The method we've just described tracks all the I/O activity for the system. This can give you some interesting results, but it can also be a real pain. If you are interested in tracing the I/O done by a single process on a busy system, rather than looking at the behavior of the entire system, that can be done as well. In fact, there is a method to accomplish just that.
prex implements a means of focusing tracing called process filtering . When process filtering is enabled, tracing in the kernel is limited to events initiated on behalf of the processes in a specific list. Process 0 is used to represent all the threads not associated with a process.
When it is run without arguments, the prex command pfilter displays the current process filtering mode (on or off) and the process ID list. The process ID list can be modified regardless of the state of process filtering.
A process must exist to be added to the process ID list; similarly, the list is automatically updated to delete any processes that no longer exist. Should the list become empty while process filtering is turned on, prex issues a warning. Process filtering mode is persistent between invocations of prex , so be sure to turn it off manually when you're done.
Let's work through an example, where we trace all the I/O generated by a vi session (process ID 19786):
# prex -k Type "help" for help ... prex> buffer alloc Buffer of size 393216 bytes allocated prex> pfilter add 19786 prex> pfilter on prex> pfilter Process filtering is on Process filter set is {19786} prex> trace io prex> enable io prex> ktrace on ...in a separate window, exit the vi session ( :wq )... prex> ktrace off Warning: Process filtering on, but pid filter list is empty prex> pfilter off prex> quit # tnfxtract /tmp/vi.trc # tnfdump /tmp/vi.trc ...
Note that we received a warning from prex when the vi process exited and could no longer be traced.
If you restart a kernel trace and it is only of short duration, you will see old information before you get to what you actually care about.
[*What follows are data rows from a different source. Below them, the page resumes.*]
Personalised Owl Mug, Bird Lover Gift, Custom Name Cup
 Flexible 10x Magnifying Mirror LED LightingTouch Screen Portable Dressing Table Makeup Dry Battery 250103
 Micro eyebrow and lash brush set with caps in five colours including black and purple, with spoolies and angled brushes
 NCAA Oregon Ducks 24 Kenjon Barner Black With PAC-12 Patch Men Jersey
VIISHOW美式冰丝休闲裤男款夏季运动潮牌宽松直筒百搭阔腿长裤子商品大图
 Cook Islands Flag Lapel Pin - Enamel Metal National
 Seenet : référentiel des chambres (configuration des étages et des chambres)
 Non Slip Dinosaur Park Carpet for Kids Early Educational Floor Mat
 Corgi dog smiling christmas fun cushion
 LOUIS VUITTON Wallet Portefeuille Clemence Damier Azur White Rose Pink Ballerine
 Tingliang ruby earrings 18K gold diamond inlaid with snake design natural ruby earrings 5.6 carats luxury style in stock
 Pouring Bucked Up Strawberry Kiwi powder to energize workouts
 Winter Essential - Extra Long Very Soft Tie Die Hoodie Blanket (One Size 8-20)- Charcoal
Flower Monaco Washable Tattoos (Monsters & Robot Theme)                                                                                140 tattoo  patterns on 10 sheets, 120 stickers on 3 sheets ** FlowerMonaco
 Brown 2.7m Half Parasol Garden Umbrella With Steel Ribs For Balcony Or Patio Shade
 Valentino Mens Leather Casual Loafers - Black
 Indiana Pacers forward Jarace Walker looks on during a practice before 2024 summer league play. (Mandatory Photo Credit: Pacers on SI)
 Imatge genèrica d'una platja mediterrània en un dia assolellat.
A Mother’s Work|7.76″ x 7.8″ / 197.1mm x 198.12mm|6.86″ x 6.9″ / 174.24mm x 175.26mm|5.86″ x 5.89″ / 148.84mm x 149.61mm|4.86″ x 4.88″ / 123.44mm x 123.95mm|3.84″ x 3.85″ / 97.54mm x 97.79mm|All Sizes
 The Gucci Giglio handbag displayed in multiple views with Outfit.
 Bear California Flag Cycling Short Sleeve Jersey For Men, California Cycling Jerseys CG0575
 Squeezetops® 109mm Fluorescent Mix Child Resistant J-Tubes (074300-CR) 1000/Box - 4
This problem can be easily solved by unallocating and reallocating the buffer:
prex> buffer dealloc prex> buffer alloc
These examples just scratch the surface of prex . It is a complex tool that serves many purposes. If you're interested in exploring further, there are other meaningful probe sets. One of these is vm , which contains all the virtual memory- related probes.